Asthma is characterised by the accumulation within the bronchial wall of leukocytes, of which the eosinophil predominates (1). Once recruited, eosinophils release a variety of mediators implicated in asthma pathology. Some of these, such as major basic protein, eosinophil cationic protein, and eosiniphil peroxidase, can directly induce tissue damage (2). Release of other mediators such as LTC4 and TGF-β can induce other responses such as bronchoconstriction, mucus hypersecretion (3) and airway remodelling (4).
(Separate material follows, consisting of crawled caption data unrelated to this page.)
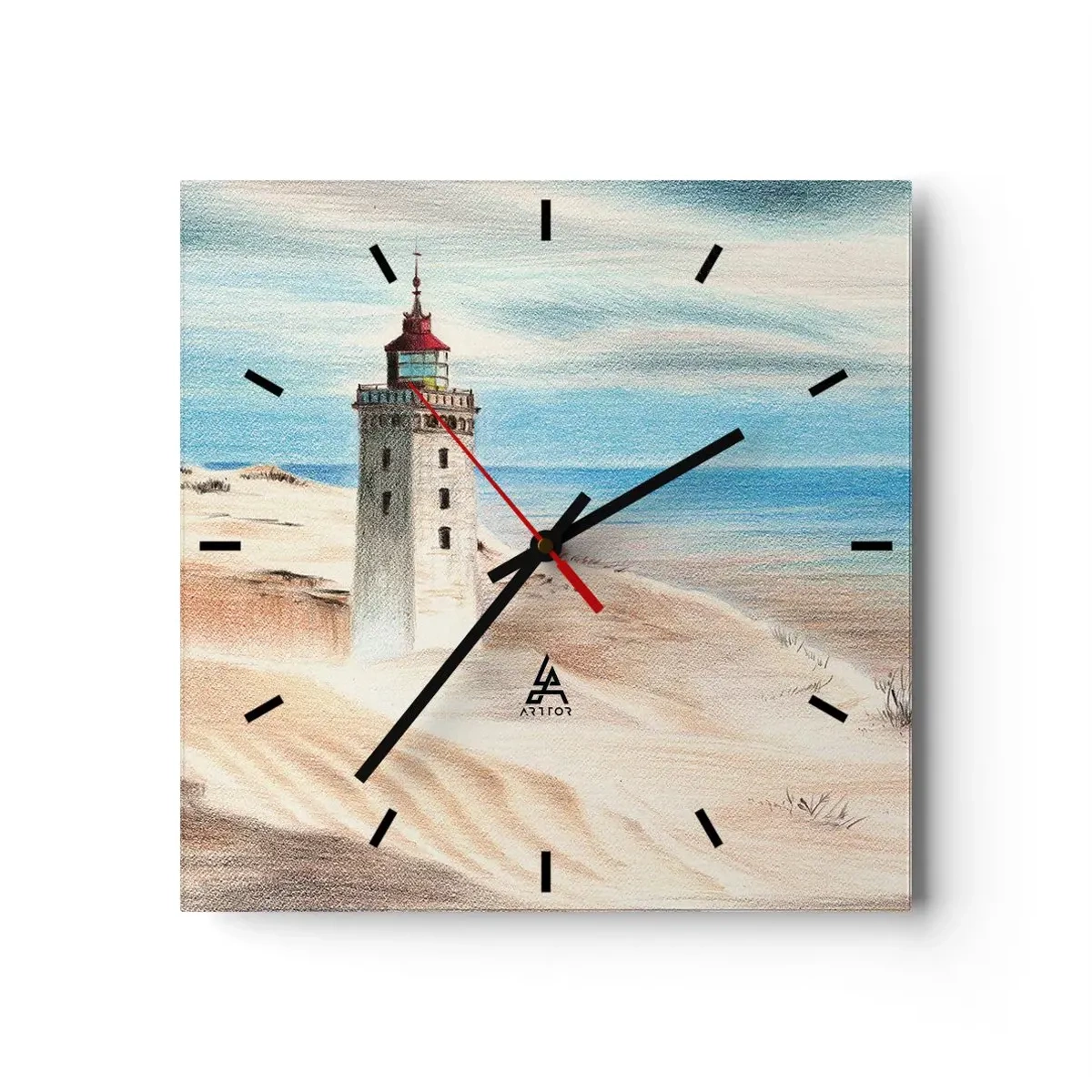 Falióra, Óra - Mindig a tengert bámulva - 30x30 cm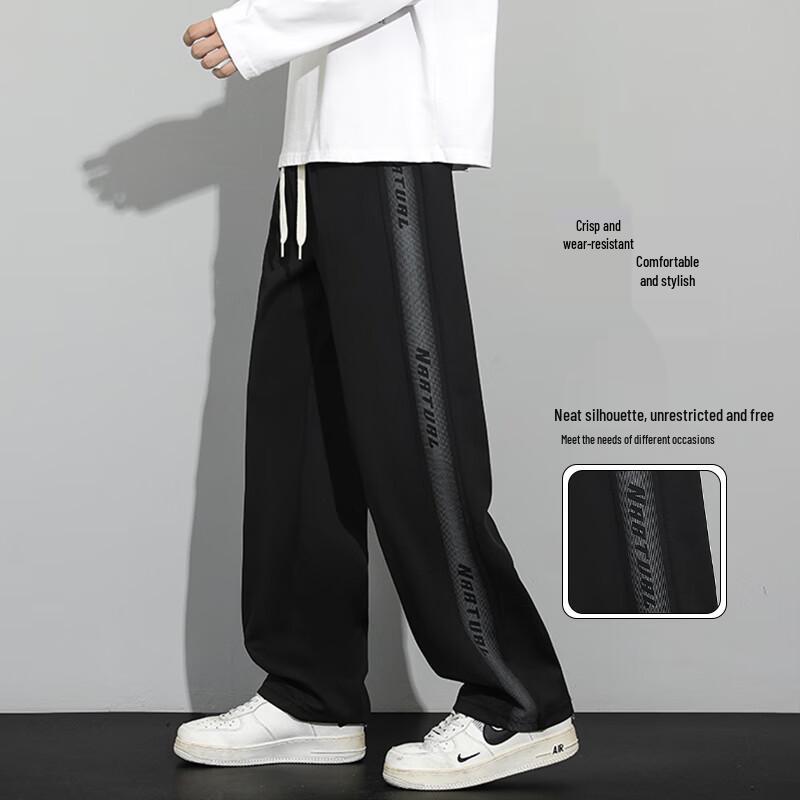 NASA GISS Men's Loose Fit Straight Leg Athletic Pants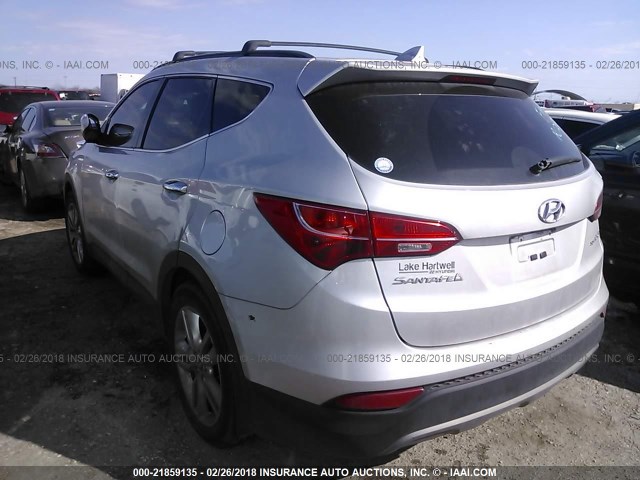 5XYZU3LAXDG112273 - 2013 HYUNDAI SANTA FE SPORT  SILVER photo 3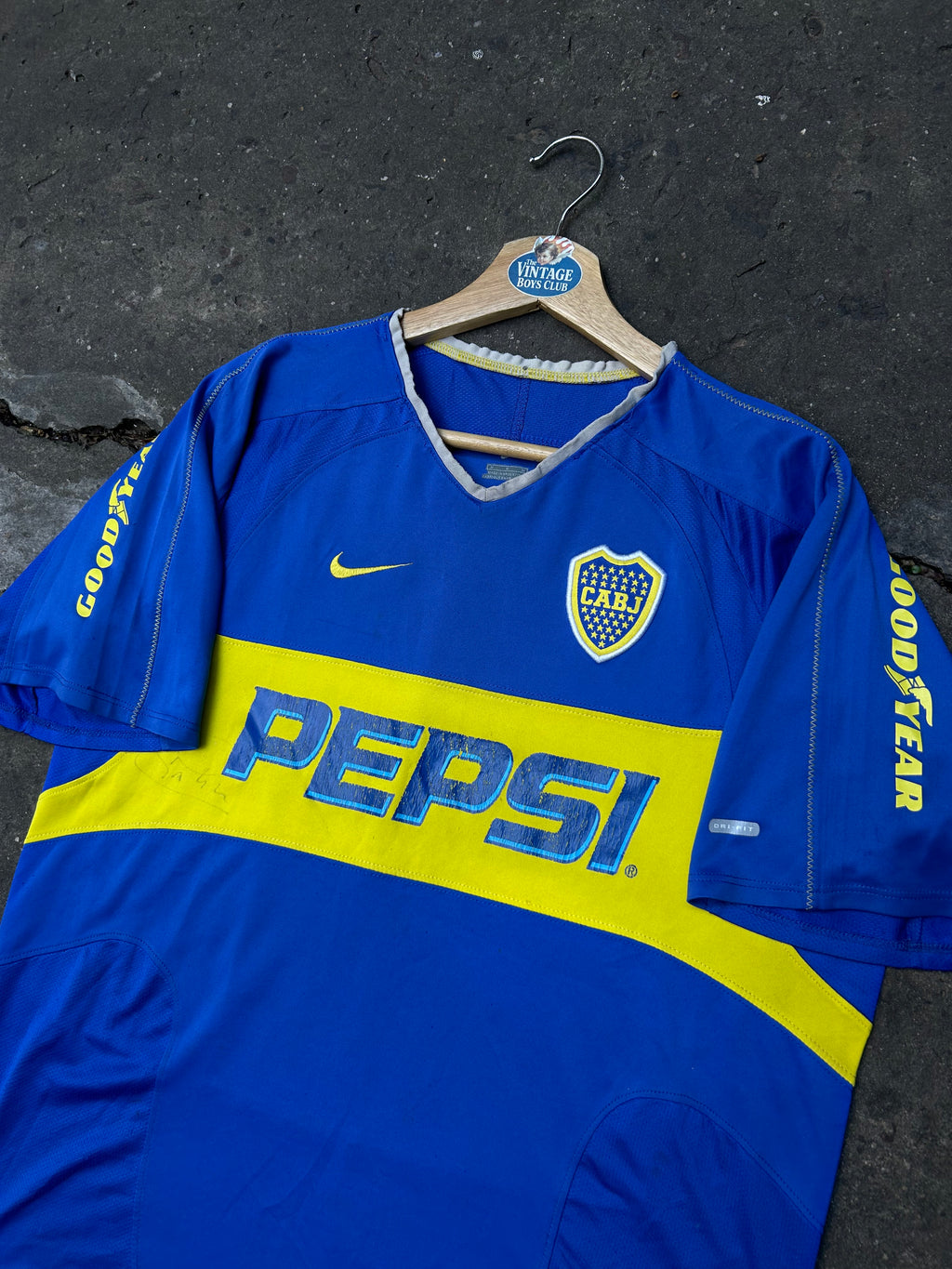 Camiseta Boca 2003 Firmada x Cassini Original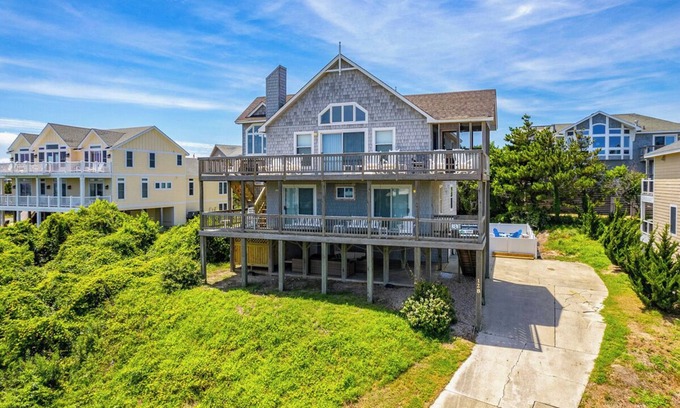 Carolina Dunes House | Lofty View ☀️ Semi-Oceanfront 4 BR home, Dog-Frendly 🐕 & Private Pool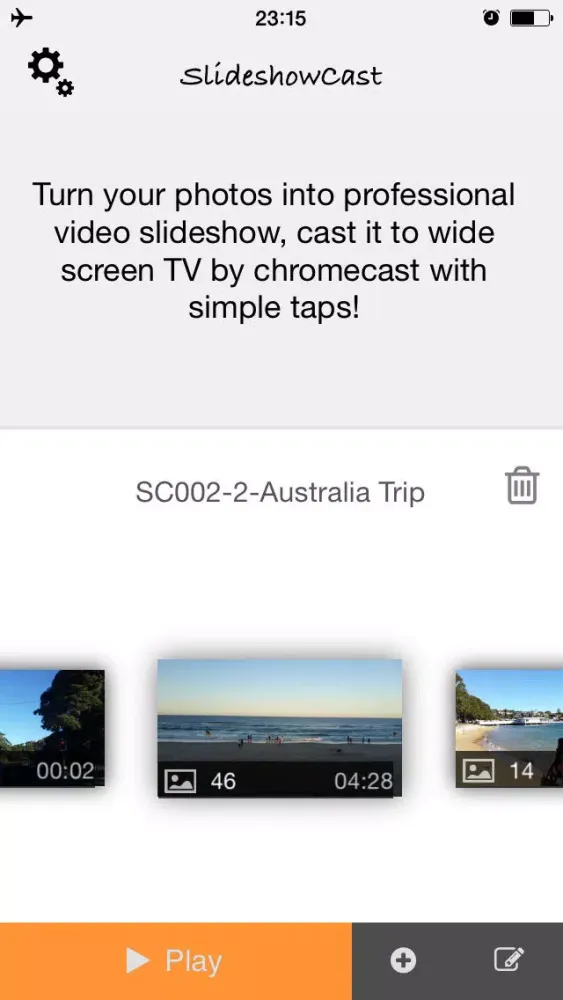 SlideshowCast Free – Make Photo Video Music Slideshow & Cast on TV through Chromecast应用截图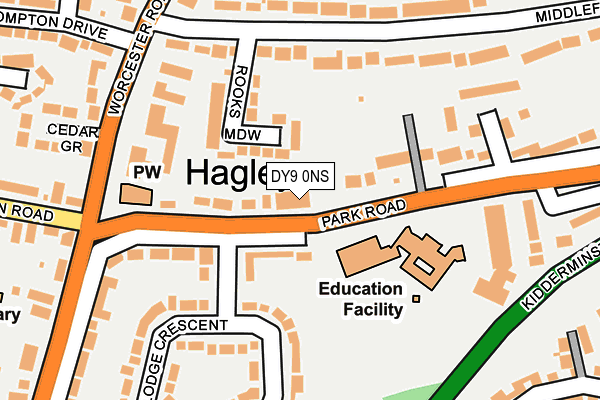 Map of TONIC CARE LTD at local scale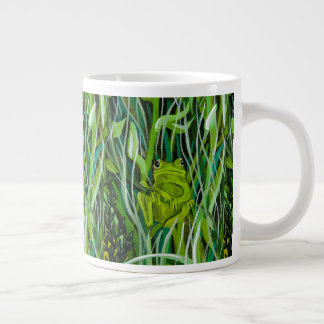 Tasse Géante Juste Arrière La Coupe Du Café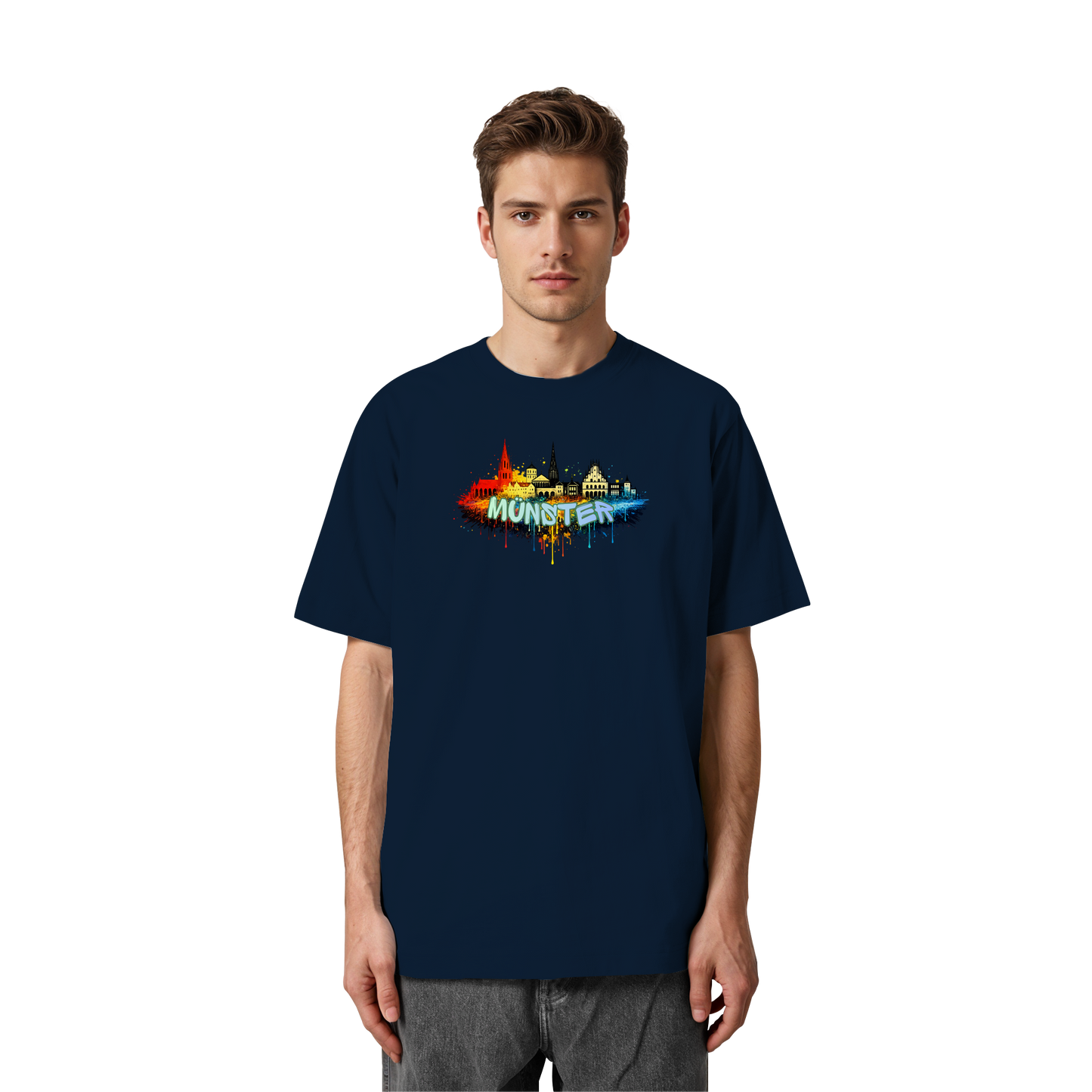 MÜNSTERSPRAY! - Heavy Oversized Organic Shirt
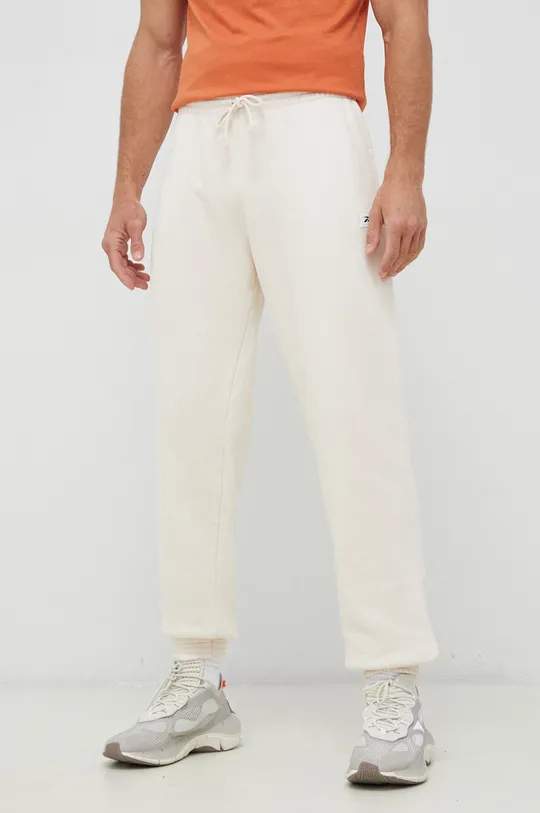 beżowy Reebok Classic spodnie dresowe bawełniane Męski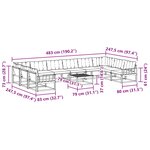 vidaXL Ensemble de canapés d'extérieur 11 pc Blanc et gris clair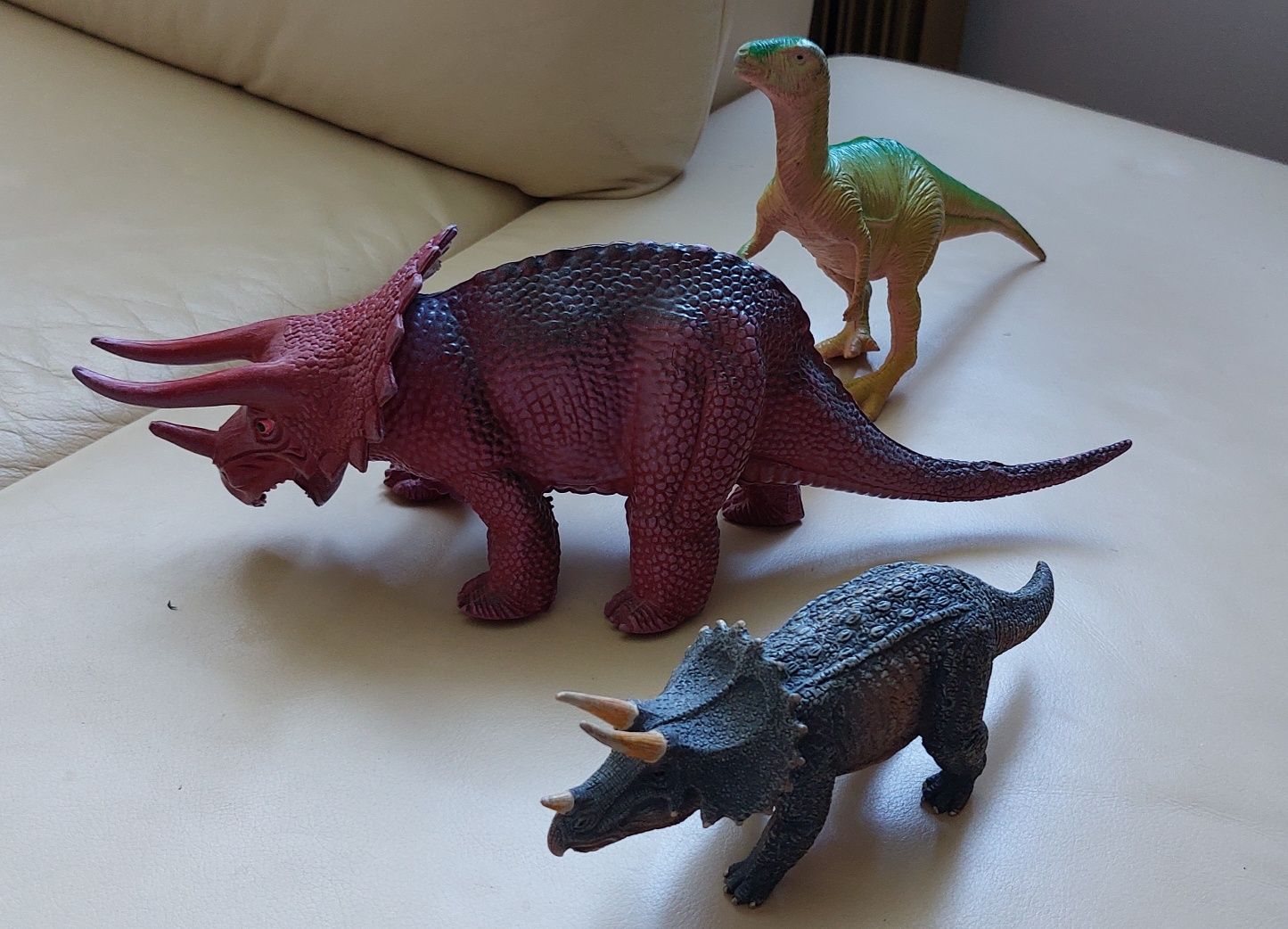 Dinozaury duże gumowe 3 szt.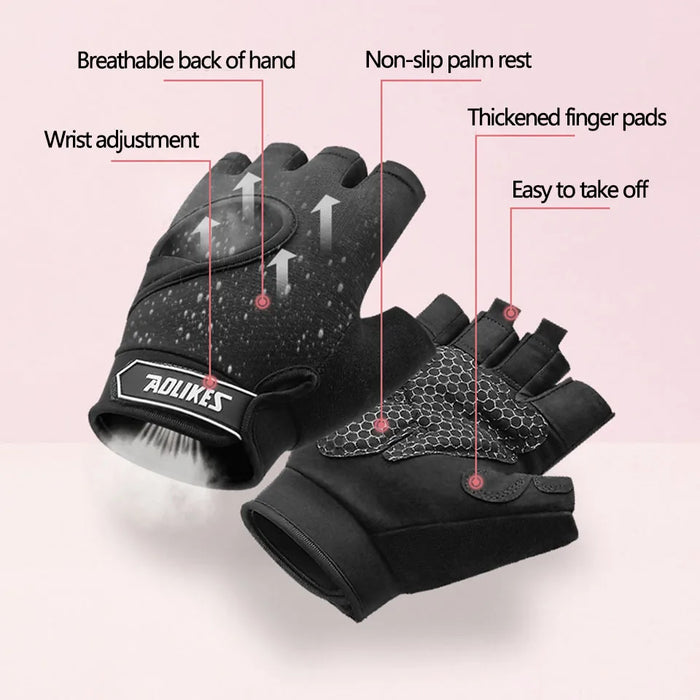 Breathable Fitness Gloves For Women & Men Gym Cycling Exercise Training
Chemokines are a family of low molecular weight proteins which are key to the regulation of leukocyte migration, exerting their activity via G protein-coupled receptors expressed on the cell-surface (5). Whilst chemokines are associated with homeostatic cell migration and host defence, inadvertent or excessive production of chemokines has been implicated in the inflammatory components of many clinically important diseases including asthma (6). A chemokine central to the pathology of asthma is the CC chemokine CCL11/eotaxin (7). This chemokine interacts with the receptor CCR3 (8-10) the principal chemokine receptor expressed by the eosinophil (8-10) but also by other cells involved in the allergic response such as Th2 cells (11), the basophil (12) and mast cells (13). Activation of CCR3 by CCL11 occurs via a two step model (14) involving tethering of the ligand by the receptor amino-terminus and subsequent delivery to the extracellular loops (ECLs) (15,16). This is postulated to lead to conformational changes in the receptor, resulting in G protein recruitment and activation of intracellular signalling. Data from studies of activation of the related receptor, CCR5, suggest that the amino-terminus of the chemokine disrupts interactions between the side chains of neighbouring transmembrane helices, leading to the induction of the active receptor conformation (17,18). In contrast, the mechanism of CCR3 activation by CCL11 remains poorly understood, despite effort from several groups (19-24).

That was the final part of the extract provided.